*** RECORDED DATA Section Begins ***

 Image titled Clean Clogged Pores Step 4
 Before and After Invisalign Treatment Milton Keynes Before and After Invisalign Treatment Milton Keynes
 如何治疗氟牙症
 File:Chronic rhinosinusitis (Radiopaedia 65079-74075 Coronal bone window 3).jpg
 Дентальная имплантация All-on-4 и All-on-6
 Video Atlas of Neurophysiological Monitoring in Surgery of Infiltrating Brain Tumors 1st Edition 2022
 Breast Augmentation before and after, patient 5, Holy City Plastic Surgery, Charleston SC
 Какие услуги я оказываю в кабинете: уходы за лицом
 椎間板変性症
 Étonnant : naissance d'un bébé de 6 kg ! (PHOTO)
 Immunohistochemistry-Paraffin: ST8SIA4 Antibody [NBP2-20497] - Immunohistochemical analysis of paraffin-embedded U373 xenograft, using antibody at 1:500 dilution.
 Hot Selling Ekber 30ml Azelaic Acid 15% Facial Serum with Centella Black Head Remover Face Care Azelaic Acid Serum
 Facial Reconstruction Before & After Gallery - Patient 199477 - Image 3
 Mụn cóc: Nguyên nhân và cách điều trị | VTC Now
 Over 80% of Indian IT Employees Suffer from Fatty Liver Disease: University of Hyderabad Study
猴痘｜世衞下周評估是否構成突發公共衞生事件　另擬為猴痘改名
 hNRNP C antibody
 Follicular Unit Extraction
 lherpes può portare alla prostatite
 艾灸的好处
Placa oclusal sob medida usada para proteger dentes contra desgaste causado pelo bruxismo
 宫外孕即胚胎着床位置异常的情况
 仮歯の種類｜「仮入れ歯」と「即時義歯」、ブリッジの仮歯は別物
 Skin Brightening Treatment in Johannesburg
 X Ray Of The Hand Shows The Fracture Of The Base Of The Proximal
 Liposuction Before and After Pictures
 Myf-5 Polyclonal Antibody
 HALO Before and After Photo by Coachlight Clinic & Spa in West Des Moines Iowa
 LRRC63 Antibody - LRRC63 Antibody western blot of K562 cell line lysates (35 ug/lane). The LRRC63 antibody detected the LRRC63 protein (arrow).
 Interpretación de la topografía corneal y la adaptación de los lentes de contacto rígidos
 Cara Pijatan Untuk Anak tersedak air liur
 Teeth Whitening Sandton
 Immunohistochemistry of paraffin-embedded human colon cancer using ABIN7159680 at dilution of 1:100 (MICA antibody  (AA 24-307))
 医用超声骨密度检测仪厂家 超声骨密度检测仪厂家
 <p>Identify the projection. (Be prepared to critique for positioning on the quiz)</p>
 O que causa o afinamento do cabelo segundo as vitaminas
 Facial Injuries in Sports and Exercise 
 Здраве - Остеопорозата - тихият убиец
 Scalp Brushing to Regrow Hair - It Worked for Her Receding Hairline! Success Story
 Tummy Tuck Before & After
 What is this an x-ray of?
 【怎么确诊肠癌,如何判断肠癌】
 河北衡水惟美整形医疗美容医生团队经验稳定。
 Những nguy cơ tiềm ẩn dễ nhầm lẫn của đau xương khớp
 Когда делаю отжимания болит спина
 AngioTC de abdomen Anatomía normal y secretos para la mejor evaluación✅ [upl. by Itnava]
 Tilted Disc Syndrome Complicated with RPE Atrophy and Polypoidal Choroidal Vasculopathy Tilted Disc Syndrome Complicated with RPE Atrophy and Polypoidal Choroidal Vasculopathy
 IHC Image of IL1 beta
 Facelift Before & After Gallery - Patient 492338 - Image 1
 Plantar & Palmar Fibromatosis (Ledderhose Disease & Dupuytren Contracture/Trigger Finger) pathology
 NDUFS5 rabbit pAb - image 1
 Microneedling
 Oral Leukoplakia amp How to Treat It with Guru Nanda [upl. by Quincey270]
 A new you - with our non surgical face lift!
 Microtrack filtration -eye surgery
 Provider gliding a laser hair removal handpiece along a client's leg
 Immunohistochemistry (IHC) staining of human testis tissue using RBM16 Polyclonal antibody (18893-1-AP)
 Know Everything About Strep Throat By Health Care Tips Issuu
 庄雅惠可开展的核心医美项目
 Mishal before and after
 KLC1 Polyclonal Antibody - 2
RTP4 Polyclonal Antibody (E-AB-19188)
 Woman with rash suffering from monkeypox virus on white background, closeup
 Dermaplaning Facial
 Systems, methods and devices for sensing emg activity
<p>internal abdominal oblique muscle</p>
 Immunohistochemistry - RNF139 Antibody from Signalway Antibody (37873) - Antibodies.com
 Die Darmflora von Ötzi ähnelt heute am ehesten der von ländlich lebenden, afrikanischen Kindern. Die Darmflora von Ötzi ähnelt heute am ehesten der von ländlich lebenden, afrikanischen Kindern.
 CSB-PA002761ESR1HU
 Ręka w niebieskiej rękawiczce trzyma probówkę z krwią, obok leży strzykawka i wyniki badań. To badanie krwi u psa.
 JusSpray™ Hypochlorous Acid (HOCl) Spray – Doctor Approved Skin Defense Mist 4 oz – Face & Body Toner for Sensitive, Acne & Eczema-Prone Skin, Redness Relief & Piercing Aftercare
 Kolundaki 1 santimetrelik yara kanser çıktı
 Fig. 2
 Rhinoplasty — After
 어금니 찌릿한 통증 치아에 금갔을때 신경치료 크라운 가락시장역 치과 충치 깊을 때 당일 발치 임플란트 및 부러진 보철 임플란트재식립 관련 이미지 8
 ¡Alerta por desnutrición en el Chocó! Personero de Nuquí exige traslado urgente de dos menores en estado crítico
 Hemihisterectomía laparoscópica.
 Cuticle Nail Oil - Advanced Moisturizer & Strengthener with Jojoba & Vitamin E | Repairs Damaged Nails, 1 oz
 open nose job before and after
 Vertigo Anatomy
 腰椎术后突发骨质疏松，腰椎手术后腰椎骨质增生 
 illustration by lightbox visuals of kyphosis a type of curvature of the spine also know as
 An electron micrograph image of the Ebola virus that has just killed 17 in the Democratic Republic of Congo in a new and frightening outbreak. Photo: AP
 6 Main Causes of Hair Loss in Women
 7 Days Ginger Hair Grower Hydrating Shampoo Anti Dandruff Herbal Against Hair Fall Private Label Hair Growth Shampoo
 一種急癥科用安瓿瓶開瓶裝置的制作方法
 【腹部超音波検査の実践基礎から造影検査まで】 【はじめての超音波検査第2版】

*** RECORDED DATA Section Ends ***

• _EXERCISE AIM_
From the first record to the last, print each one exactly.

• _EXERCISE OUTPUT_
 Image titled Clean Clogged Pores Step 4
 Before and After Invisalign Treatment Milton Keynes Before and After Invisalign Treatment Milton Keynes
 如何治疗氟牙症
 File:Chronic rhinosinusitis (Radiopaedia 65079-74075 Coronal bone window 3).jpg
 Дентальная имплантация All-on-4 и All-on-6
 Video Atlas of Neurophysiological Monitoring in Surgery of Infiltrating Brain Tumors 1st Edition 2022
 Breast Augmentation before and after, patient 5, Holy City Plastic Surgery, Charleston SC
 Какие услуги я оказываю в кабинете: уходы за лицом
 椎間板変性症
 Étonnant : naissance d'un bébé de 6 kg ! (PHOTO)
 Immunohistochemistry-Paraffin: ST8SIA4 Antibody [NBP2-20497] - Immunohistochemical analysis of paraffin-embedded U373 xenograft, using antibody at 1:500 dilution.
 Hot Selling Ekber 30ml Azelaic Acid 15% Facial Serum with Centella Black Head Remover Face Care Azelaic Acid Serum
 Facial Reconstruction Before & After Gallery - Patient 199477 - Image 3
 Mụn cóc: Nguyên nhân và cách điều trị | VTC Now
 Over 80% of Indian IT Employees Suffer from Fatty Liver Disease: University of Hyderabad Study
猴痘｜世衞下周評估是否構成突發公共衞生事件　另擬為猴痘改名
 hNRNP C antibody
 Follicular Unit Extraction
 lherpes può portare alla prostatite
 艾灸的好处
Placa oclusal sob medida usada para proteger dentes contra desgaste causado pelo bruxismo
 宫外孕即胚胎着床位置异常的情况
 仮歯の種類｜「仮入れ歯」と「即時義歯」、ブリッジの仮歯は別物
 Skin Brightening Treatment in Johannesburg
 X Ray Of The Hand Shows The Fracture Of The Base Of The Proximal
 Liposuction Before and After Pictures
 Myf-5 Polyclonal Antibody
 HALO Before and After Photo by Coachlight Clinic & Spa in West Des Moines Iowa
 LRRC63 Antibody - LRRC63 Antibody western blot of K562 cell line lysates (35 ug/lane). The LRRC63 antibody detected the LRRC63 protein (arrow).
 Interpretación de la topografía corneal y la adaptación de los lentes de contacto rígidos
 Cara Pijatan Untuk Anak tersedak air liur
 Teeth Whitening Sandton
 Immunohistochemistry of paraffin-embedded human colon cancer using ABIN7159680 at dilution of 1:100 (MICA antibody  (AA 24-307))
 医用超声骨密度检测仪厂家 超声骨密度检测仪厂家
 <p>Identify the projection. (Be prepared to critique for positioning on the quiz)</p>
 O que causa o afinamento do cabelo segundo as vitaminas
 Facial Injuries in Sports and Exercise 
 Здраве - Остеопорозата - тихият убиец
 Scalp Brushing to Regrow Hair - It Worked for Her Receding Hairline! Success Story
 Tummy Tuck Before & After
 What is this an x-ray of?
 【怎么确诊肠癌,如何判断肠癌】
 河北衡水惟美整形医疗美容医生团队经验稳定。
 Những nguy cơ tiềm ẩn dễ nhầm lẫn của đau xương khớp
 Когда делаю отжимания болит спина
 AngioTC de abdomen Anatomía normal y secretos para la mejor evaluación✅ [upl. by Itnava]
 Tilted Disc Syndrome Complicated with RPE Atrophy and Polypoidal Choroidal Vasculopathy Tilted Disc Syndrome Complicated with RPE Atrophy and Polypoidal Choroidal Vasculopathy
 IHC Image of IL1 beta
 Facelift Before & After Gallery - Patient 492338 - Image 1
 Plantar & Palmar Fibromatosis (Ledderhose Disease & Dupuytren Contracture/Trigger Finger) pathology
 NDUFS5 rabbit pAb - image 1
 Microneedling
 Oral Leukoplakia amp How to Treat It with Guru Nanda [upl. by Quincey270]
 A new you - with our non surgical face lift!
 Microtrack filtration -eye surgery
 Provider gliding a laser hair removal handpiece along a client's leg
 Immunohistochemistry (IHC) staining of human testis tissue using RBM16 Polyclonal antibody (18893-1-AP)
 Know Everything About Strep Throat By Health Care Tips Issuu
 庄雅惠可开展的核心医美项目
 Mishal before and after
 KLC1 Polyclonal Antibody - 2
RTP4 Polyclonal Antibody (E-AB-19188)
 Woman with rash suffering from monkeypox virus on white background, closeup
 Dermaplaning Facial
 Systems, methods and devices for sensing emg activity
<p>internal abdominal oblique muscle</p>
 Immunohistochemistry - RNF139 Antibody from Signalway Antibody (37873) - Antibodies.com
 Die Darmflora von Ötzi ähnelt heute am ehesten der von ländlich lebenden, afrikanischen Kindern. Die Darmflora von Ötzi ähnelt heute am ehesten der von ländlich lebenden, afrikanischen Kindern.
 CSB-PA002761ESR1HU
 Ręka w niebieskiej rękawiczce trzyma probówkę z krwią, obok leży strzykawka i wyniki badań. To badanie krwi u psa.
 JusSpray™ Hypochlorous Acid (HOCl) Spray – Doctor Approved Skin Defense Mist 4 oz – Face & Body Toner for Sensitive, Acne & Eczema-Prone Skin, Redness Relief & Piercing Aftercare
 Kolundaki 1 santimetrelik yara kanser çıktı
 Fig. 2
 Rhinoplasty — After
 어금니 찌릿한 통증 치아에 금갔을때 신경치료 크라운 가락시장역 치과 충치 깊을 때 당일 발치 임플란트 및 부러진 보철 임플란트재식립 관련 이미지 8
 ¡Alerta por desnutrición en el Chocó! Personero de Nuquí exige traslado urgente de dos menores en estado crítico
 Hemihisterectomía laparoscópica.
 Cuticle Nail Oil - Advanced Moisturizer & Strengthener with Jojoba & Vitamin E | Repairs Damaged Nails, 1 oz
 open nose job before and after
 Vertigo Anatomy
 腰椎术后突发骨质疏松，腰椎手术后腰椎骨质增生 
 illustration by lightbox visuals of kyphosis a type of curvature of the spine also know as
 An electron micrograph image of the Ebola virus that has just killed 17 in the Democratic Republic of Congo in a new and frightening outbreak. Photo: AP
 6 Main Causes of Hair Loss in Women
 7 Days Ginger Hair Grower Hydrating Shampoo Anti Dandruff Herbal Against Hair Fall Private Label Hair Growth Shampoo
 一種急癥科用安瓿瓶開瓶裝置的制作方法
 【腹部超音波検査の実践基礎から造影検査まで】 【はじめての超音波検査第2版】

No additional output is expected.